The benchmark program is not an FFT, so the pipeline runs as Intel intended. The real code repeatedly stalls the pipeline, so that your processor runs slower than it did when benchmarked.

The pipeline is how the processor can start one floating point op before it has finished the previous. If your benchmark speed for Floating Point is faster than for Intgers, or even if the speeds are equal, then you have a pipelined processor. Without a pipe, expect to see Floats run more slowly than integers.

If you stall the pipe, it means that the code cannot figure out which cal is needed next, or that it took a likely guess but got it wrong. Either way the Floating Point speed drops to about half the integer speed for that one calc. If it happened every time you'd knock 75% or so off the spped of your processor.

My theory is based on two things: people with newer, more heavily pipelined chips see a bigger effect: your WU take over 1.5 x estimated, mine on a years old 700MHz Pentium take 1.3 x estimated; consistent with the fact that your pentium has a longer pipeline than mine.

Secondly, that E@H contains a lot of FFTs and these are really hard work for any pipelined processor. I said more about this issue here, in another thread but that posting maybe more technical an answer than you were hoping for.

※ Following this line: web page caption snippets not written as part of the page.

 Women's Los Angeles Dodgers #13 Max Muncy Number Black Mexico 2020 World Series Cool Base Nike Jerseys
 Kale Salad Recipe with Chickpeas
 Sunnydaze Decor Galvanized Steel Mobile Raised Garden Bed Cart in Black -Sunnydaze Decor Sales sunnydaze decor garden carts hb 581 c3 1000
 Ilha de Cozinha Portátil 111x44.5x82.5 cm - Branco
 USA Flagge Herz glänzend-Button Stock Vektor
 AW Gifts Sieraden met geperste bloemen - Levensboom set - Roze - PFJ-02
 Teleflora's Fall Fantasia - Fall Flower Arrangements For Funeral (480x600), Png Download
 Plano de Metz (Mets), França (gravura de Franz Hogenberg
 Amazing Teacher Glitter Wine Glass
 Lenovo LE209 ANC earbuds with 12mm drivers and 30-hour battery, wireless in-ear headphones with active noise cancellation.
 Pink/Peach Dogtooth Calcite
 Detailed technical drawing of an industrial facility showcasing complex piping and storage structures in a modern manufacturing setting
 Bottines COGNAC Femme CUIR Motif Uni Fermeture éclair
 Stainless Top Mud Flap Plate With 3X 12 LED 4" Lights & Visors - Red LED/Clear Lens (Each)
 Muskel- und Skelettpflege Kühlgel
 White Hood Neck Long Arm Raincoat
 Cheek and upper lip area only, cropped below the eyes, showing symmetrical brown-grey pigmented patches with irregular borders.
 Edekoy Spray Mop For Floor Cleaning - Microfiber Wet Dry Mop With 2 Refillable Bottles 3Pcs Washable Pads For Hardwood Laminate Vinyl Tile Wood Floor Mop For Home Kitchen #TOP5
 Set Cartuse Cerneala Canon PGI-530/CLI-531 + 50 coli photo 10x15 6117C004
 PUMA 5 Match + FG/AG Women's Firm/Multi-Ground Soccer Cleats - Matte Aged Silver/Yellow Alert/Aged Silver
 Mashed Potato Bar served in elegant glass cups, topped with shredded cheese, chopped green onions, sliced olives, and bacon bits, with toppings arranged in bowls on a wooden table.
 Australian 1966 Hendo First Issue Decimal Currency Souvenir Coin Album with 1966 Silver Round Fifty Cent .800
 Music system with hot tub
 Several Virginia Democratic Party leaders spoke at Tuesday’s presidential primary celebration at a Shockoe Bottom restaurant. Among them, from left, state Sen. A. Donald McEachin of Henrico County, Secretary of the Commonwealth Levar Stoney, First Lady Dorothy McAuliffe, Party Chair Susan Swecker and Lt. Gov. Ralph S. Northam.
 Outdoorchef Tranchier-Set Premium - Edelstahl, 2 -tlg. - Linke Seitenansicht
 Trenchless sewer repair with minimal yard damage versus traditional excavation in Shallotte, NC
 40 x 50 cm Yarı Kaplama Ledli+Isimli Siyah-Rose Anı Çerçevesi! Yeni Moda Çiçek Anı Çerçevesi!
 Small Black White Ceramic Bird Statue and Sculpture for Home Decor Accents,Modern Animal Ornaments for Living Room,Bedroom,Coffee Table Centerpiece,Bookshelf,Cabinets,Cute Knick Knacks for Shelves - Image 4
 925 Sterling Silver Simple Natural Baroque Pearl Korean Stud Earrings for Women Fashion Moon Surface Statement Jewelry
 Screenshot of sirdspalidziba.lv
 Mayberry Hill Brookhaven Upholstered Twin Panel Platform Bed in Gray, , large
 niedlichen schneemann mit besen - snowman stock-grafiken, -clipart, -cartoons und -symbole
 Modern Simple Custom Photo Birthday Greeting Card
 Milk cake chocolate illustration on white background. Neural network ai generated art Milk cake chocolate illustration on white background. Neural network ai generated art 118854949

Finally, I hope you are getting two wu done in the 11 hours you quote? My 700MHz box takes almost exactly 24hrs for a wu, and if you are getting only 2.2 wu per day something funny is happening; whereas if you are running the HT as a dual processor you'd be getting about 4.4x my throughput, which is what I'd expect.

~~gravywavy

jerry
jerry
Joined: 20 Apr 05
Posts: 6
Credit: 35,784
RAC: 0

I have a 2 gig celeron and am

I have a 2 gig celeron and am having the same trouble with the estimator for the projects I run I have a feeling that the time given is if wwe were in the next room from the server.

Nightbird
Nightbird
Joined: 17 Feb 05
Posts: 79
Credit: 561,723
RAC: 0

Perhaps an idea : don't use a

Perhaps an idea : don't use a cache too large

[

The Gas Giant
The Gas Giant
Joined: 18 Jan 05
Posts: 72
Credit: 3,109,569
RAC: 0

It's nothing to do with

It's nothing to do with deadlines persee, but an issue with BOINC going into deadline mode (even though there is no chance with hitting the deadline). Since it then crunches Einstein in deadline mode it's LT debt gets too +ve and then it doesn't download any more work until it's LT debt gets lots -ve and we start going into limit cycling of the projects.

People with a background in process control technology (PID loops etc) would be aghast at the situation that BOINC gets itself into. Limit cycling where it goes from one extreme to the other is called "out of control" and is only something that novices think is something that works.

Live long and crunch!

Paul.

ps. I don't think a cache of 4 days work is too large...does anyone? I know BOINC does!

Paul

Nightbird
Nightbird
Joined: 17 Feb 05
Posts: 79
Credit: 561,723
RAC: 0

"ps. I don't think a cache of

"ps. I don't think a cache of 4 days work is too large...does anyone? "
I don't use cache of 4 days.

[

Divide Overflow
Divide Overflow
Joined: 9 Feb 05
Posts: 91
Credit: 183,220
RAC: 0

I don't think a cache of 4

Message 12092 in response to message 12090

I don't think a cache of 4 days work is too large...does anyone?

You know your cache size is too large when you start missing WU deadlines! The rest is entirely subjective. :)

Celtic Wolf
Celtic Wolf
Joined: 9 Feb 05
Posts: 34
Credit: 18,196
RAC: 0

There is a known issue with

There is a known issue with 4.4x of BOINC not computing deadlines correctly.

It seems that Einstein WU's compute faster in the beginning then they do near the end or some such thing. I am waiting to see what BOINC does when my Climate WU gets near it's end... I'll let you know 4 months from now what happened...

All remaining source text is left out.